No final da audiência, o duque parabeniza o jovem advogado pela brilhante atuação no tribunal, e convida-o para um suntuoso banquete de comemoração. Dr. Baltazar pede mil desculpas, mas recusa o convite. Pórcia tinha medo que se ficasse mais tempo em Veneza, passando-se por um rapaz, acabaria desmascarada. Ao partir para Belmonte, no intuito de pregar uma peça no marido, Pórcia exige como pagamento, o anel que o jovem trazia no dedo. Bassânio explica-lhe que o anel era um presente de sua esposa, e que esta ficaria muito aborrecida de vê-lo chegar me casa sem ele. Mas, mediante a insistência do jovem advogado, Bassânio entrega-lhe o anel, e Graciano faz o mesmo, presenteando ao escrevente (Nerissa) o seu. Longe dali, as moças riem-se da peça que pregaram nos esposos, que chegariam em casa sem os anéis.

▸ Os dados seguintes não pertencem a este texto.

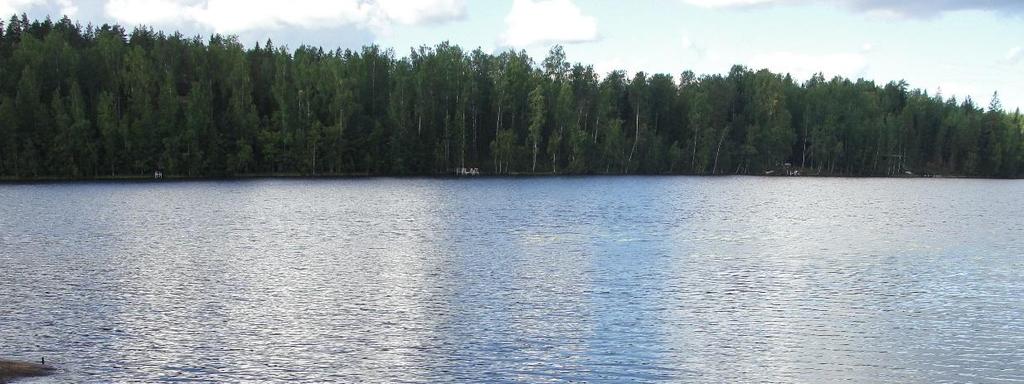 2 / 3 Itäsen Kolmoislammen veden väriluku oli suurehko (120 mg Pt/l) ilmentäen lammen runsashumuksisuutta luonnetta (mihin eniten vaikuttaa suoperäiseltä valuma-alueelta tuleva humus).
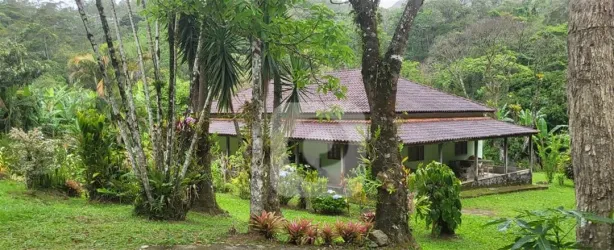 Fazenda/Sítio com 4 Quartos à venda, 20000m² no Lumiar, Nova Friburgo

Em Belmonte, Antônio passa a viver na residência de Bassânio e Pórcia. Depois de alguns dias, Nerissa pergunta ao marido o que fizera de seu anel, Pórcia faz o mesmo com Bassânio, perguntando-lhe onde estava o anel que lhe dera, e vendo-os exauridos de tanta explicação, ambas revelam que Dr. Baltazar e seu escrevente, eram na verdade as damas ali presentes. Todos abraçam-se, e Antônio agradece a Pórcia, por lhe ter salvo a vida. E naquele instante, como por milagre, Antônio fica sabendo que não só os navios chegaram ao porto, como todas as suas mercadorias também. Tudo estava resolvido.

Aquele palácio nunca vivera dias tão felizes. E certamente, os que viriam, seriam banhados de sol.

Quando terminamos a leitura, a platéia estava com os olhos rasos d’água. Todos entenderam que o mais importante na vida é ser solidário. Ali estava o valor da amizade. Ali o amor falou mais alto.

“O Mercador de Veneza” chegara ao fim. Todavia deixou-nos a todos tão felizes, que mudou a vida daquela comunidade e a nossa.

A caridade é assim: quanto mais se doa, mais recebe. Por isso não me recordo, de um só dia, que não tenha sido feliz.

Agora olho para o céu, e vejo que estou cumprindo, a minha missão.